Provided material |
-------------------------

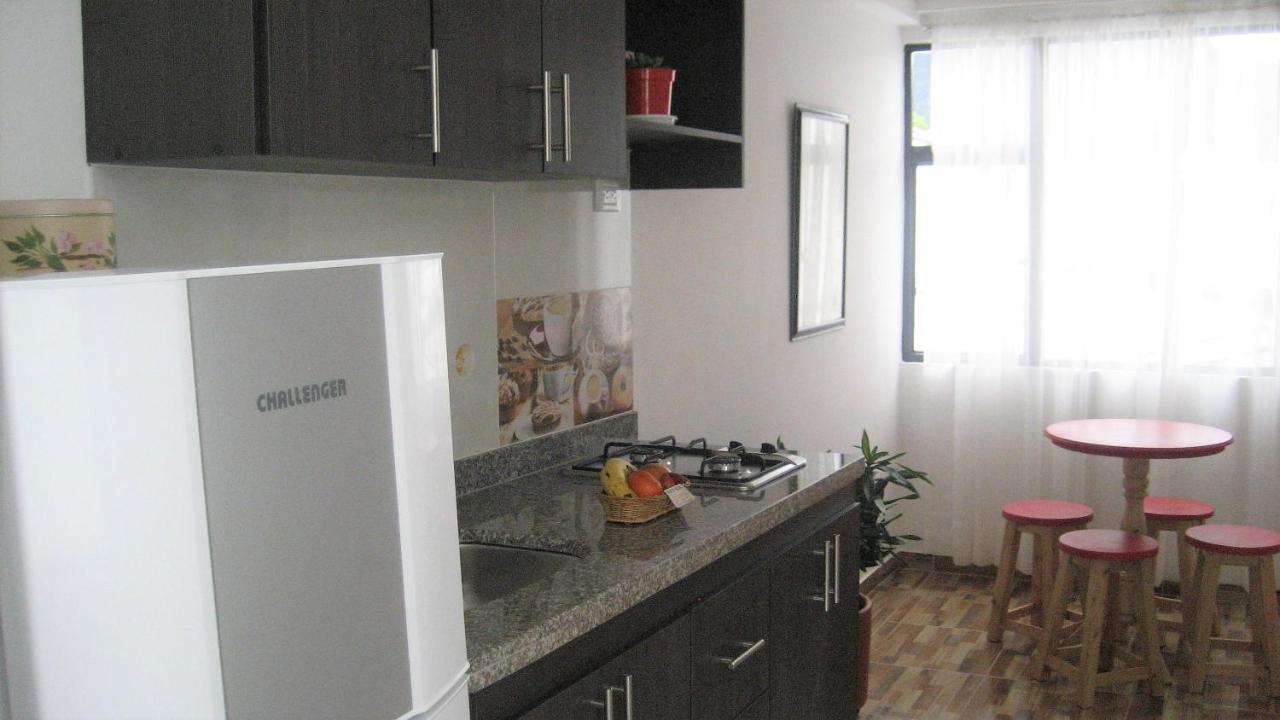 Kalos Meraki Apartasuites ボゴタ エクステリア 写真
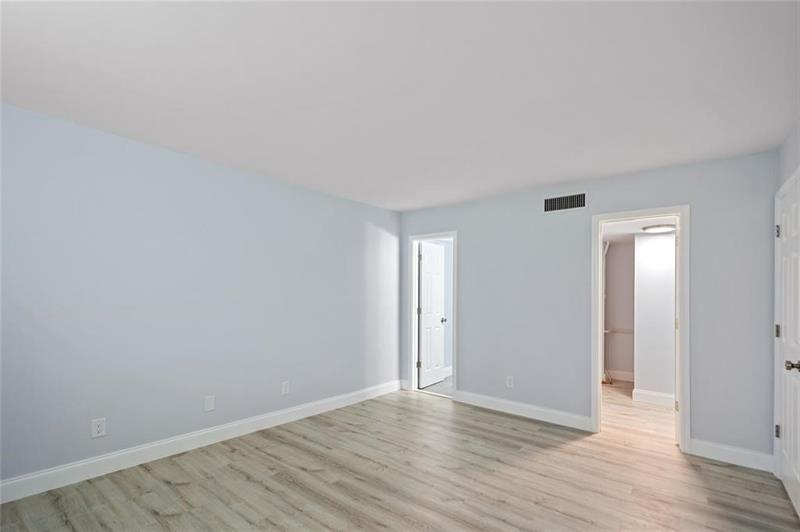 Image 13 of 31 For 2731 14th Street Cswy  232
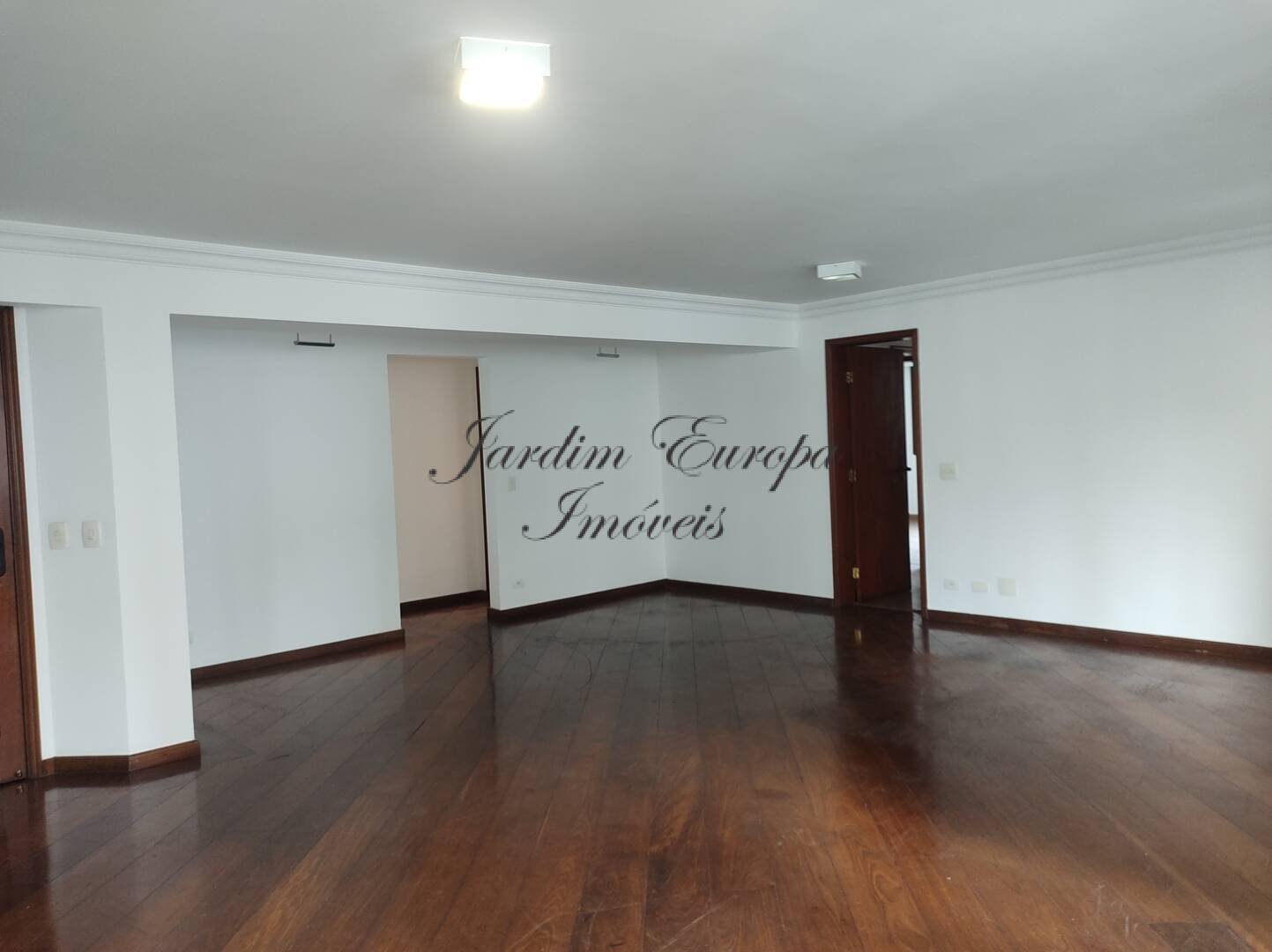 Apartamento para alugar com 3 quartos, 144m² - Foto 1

-------------------------

Goal of the exercise | From the line with "Image 13 of" to the last line of the material, both inclusive, set down every line exactly and nothing else; omit pictures.

Finished task |
 Image 13 of 31 For 2731 14th Street Cswy  232
 Apartamento para alugar com 3 quartos, 144m² - Foto 1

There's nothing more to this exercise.